MinePRL vs PearlHash — the 2026 fee showdown (4.4% vs 10%)
Of all the PEARL pool match-ups, MinePRL vs PearlHash still has the widest fee spread on the network — 4.4% vs 10%. The other classic gap, minimum payout, just closed: PearlHash lowered its minimum from ~100 PRL to ~1 PRL in May 2026. So this match-up is now decided almost entirely by the fee. Head-to-head with live data, no spin.
The 30-second answer
For the large majority of miners — including anyone on a rented GPU — MinePRL is the friendlier economics: a 4.4% fee (less than half of PearlHash's 10%) and no minimum payout. PearlHash is now small-miner-accessible too — its ~1 PRL minimum means even short sessions get paid — you just keep less of every block because of the 10% fee. Pick PearlHash mainly if it's clearly out-producing blocks the week you mine.
Fee: 4.4% vs 10%
This is the real gap, not a rounding difference. PearlHash's 10% fee is more than double MinePRL's 4.4%. On the same gross earnings you keep noticeably more on MinePRL. Fees can change — the live figures are in the visual above and on /pools — but as of 2026 this is the single biggest fee spread between two active PEARL pools, and with the minimum-payout gap now closed it's the number that decides this match-up.
Minimum payout: the gap just closed
This used to be the decider — and it no longer is. MinePRL has no minimum: balances settle per epoch regardless of size. PearlHash dropped its minimum from ~100 PRL to ~1 PRL in May 2026, auto-distributed each epoch once you cross the (now tiny) threshold. Consequences:
- Renting an H100 by the hour / short sessions: previously PearlHash's ~100 PRL floor could mean you stopped the pod before a first payout ever landed — that risk is gone. At ~1 PRL a short session clears the threshold easily, the same practical outcome as MinePRL's no-minimum. Both get you paid; MinePRL just takes a smaller cut.
- Any miner: with the minimum no longer a barrier on either side, the decision falls back almost entirely to the fee gap — which favors MinePRL (4.4% vs 10%).
Payout scheme
MinePRL runs PPLNS (payouts from real blocks the pool finds, weighted by recent shares).

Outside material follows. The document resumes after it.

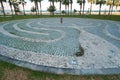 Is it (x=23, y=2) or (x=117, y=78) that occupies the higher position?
(x=23, y=2)

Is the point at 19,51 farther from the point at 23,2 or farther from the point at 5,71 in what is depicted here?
the point at 23,2

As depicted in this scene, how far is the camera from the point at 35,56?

PearlHash uses an epoch-based auto payout above its minimum. Neither is "better" in the abstract — PPLNS shares block-luck variance; epoch-based is a fixed settlement cadence. With the minimum gap closed, the fee dominates this match-up far more than the scheme or the (now negligible) minimums.
Transparency note
PearlHash's public API exposes hashrate and worker/account counts but not a 24h block count, so on /pools we count PearlHash's blocks independently on-chain from coinbase attribution to its pool wallet. MinePRL publishes its own 24h figure, which we cross-check on-chain. Either way, verify a pool is actually producing blocks before committing GPU hours — that live, verified number is on /pools.
So which wins?
- Rented / small / short-session miner → MinePRL on economics (4.4% vs 10%). Both now pay out at a tiny/zero minimum, so it comes down to who takes less — MinePRL.
- Block production matters more to you than fee → check live 24h blocks on /pools. If PearlHash is meaningfully out-producing MinePRL that week, its higher fee can be offset by more frequent finds. That's the main case for PearlHash now.

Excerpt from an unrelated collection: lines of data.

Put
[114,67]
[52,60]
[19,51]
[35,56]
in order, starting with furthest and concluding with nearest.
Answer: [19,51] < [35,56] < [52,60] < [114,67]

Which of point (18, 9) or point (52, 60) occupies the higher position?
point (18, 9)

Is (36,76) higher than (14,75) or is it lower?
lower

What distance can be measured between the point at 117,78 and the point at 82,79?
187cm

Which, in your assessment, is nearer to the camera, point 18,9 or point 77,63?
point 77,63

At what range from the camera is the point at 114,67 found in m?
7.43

For the full picture across all four pools, see the neutral PEARL mining pool comparison and MinePRL vs Akoya.
You still need an H100 either way
Both pools require an NVIDIA H100/H200. Don't own one? Rent: RunPod (free signup credit covers a full test) or Vast.ai for the lowest price at scale. Start free: mine PEARL free with RunPod credit · setup: how to mine PEARL on RunPod.
Bottom line
MinePRL wins this match-up on economics for almost everyone: less than half the fee (4.4% vs 10%) and no payout minimum. PearlHash's old downside — a steep ~100 PRL minimum — is gone (now ~1 PRL), so it's no longer a "large miners only" pool; it's simply the pricier option on fee. Pick it only if it's clearly out-producing blocks the week you mine. Confirm live hashrate and on-chain-verified 24h blocks on /pools before you commit.